▶ [PROVIDED RECORDS]:
______

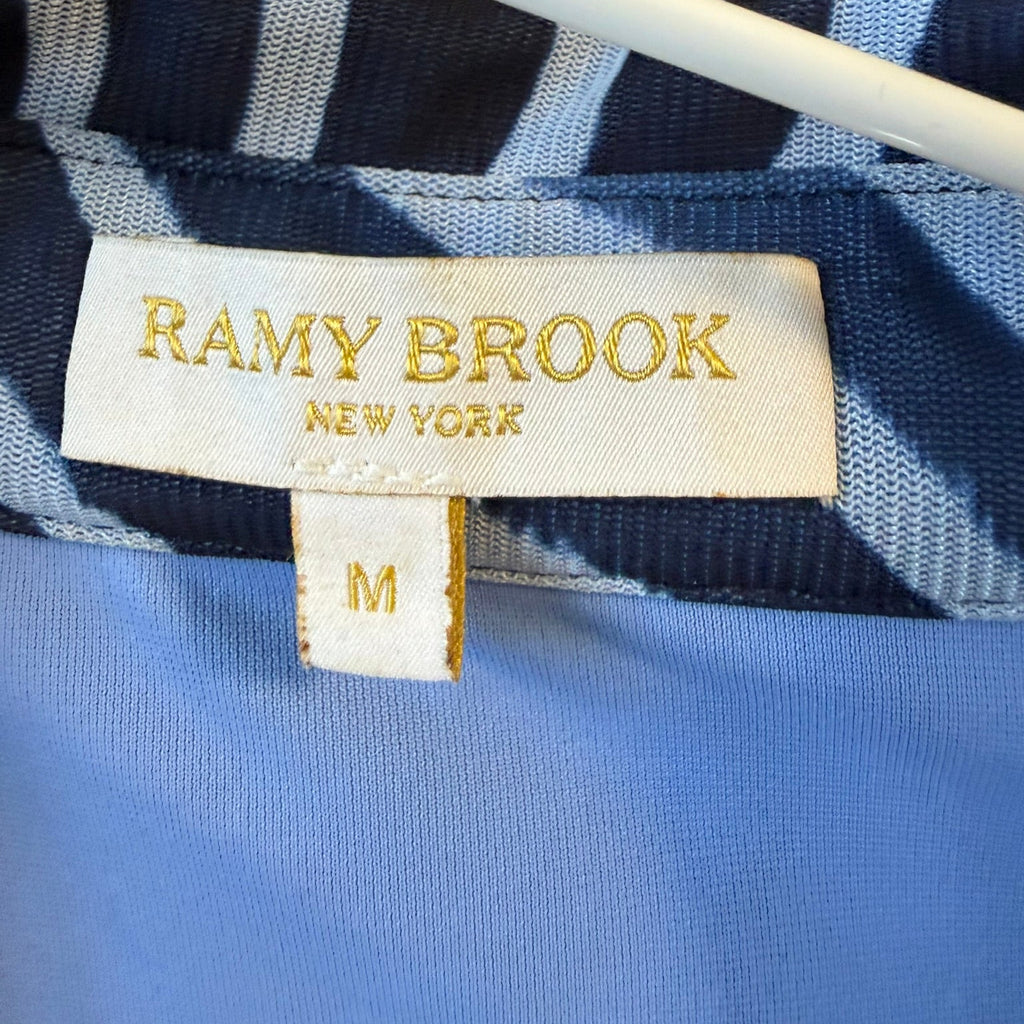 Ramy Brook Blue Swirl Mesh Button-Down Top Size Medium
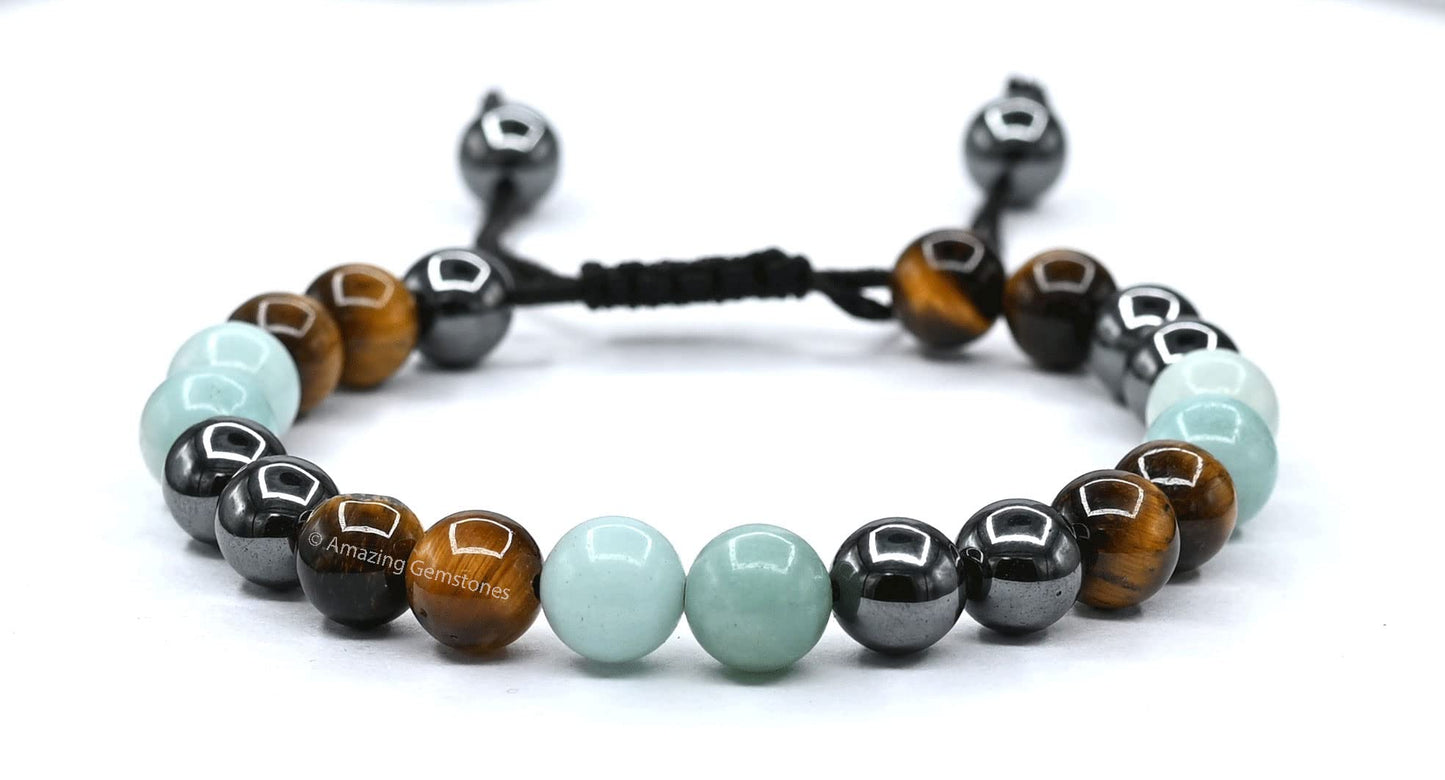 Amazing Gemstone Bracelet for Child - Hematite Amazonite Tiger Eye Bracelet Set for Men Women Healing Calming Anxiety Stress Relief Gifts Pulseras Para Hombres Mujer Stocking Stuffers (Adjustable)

______

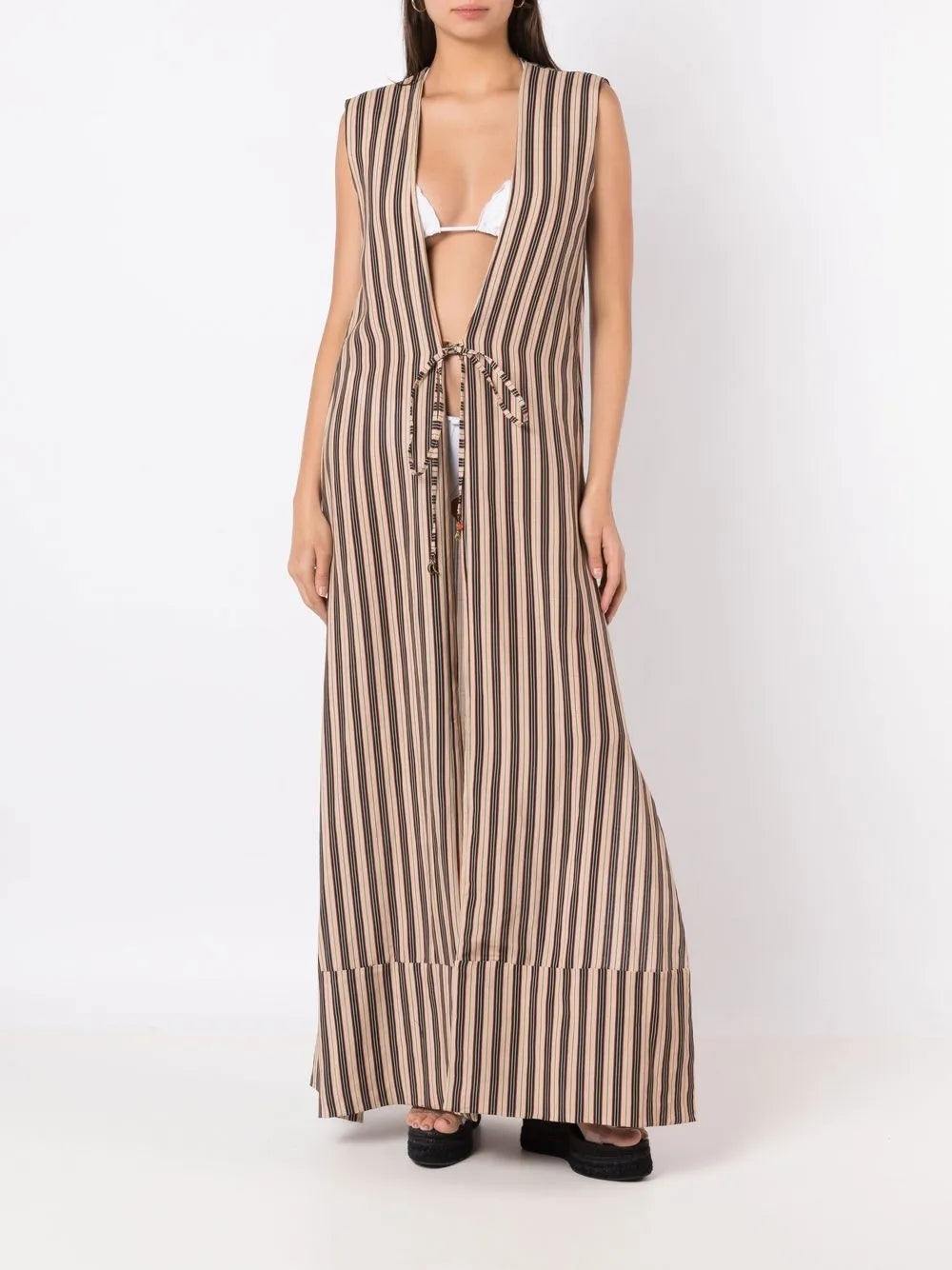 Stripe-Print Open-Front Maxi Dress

______

An exact copy is needed of the stretch above that opens with the line containing "Ramy Brook Blue" and closes with the line containing "Amazing Gemstone Bracelet"; the pictures are not part of it.

▶ [OUTPUT OF THE EXERCISE]:
 Ramy Brook Blue Swirl Mesh Button-Down Top Size Medium
 Amazing Gemstone Bracelet for Child - Hematite Amazonite Tiger Eye Bracelet Set for Men Women Healing Calming Anxiety Stress Relief Gifts Pulseras Para Hombres Mujer Stocking Stuffers (Adjustable)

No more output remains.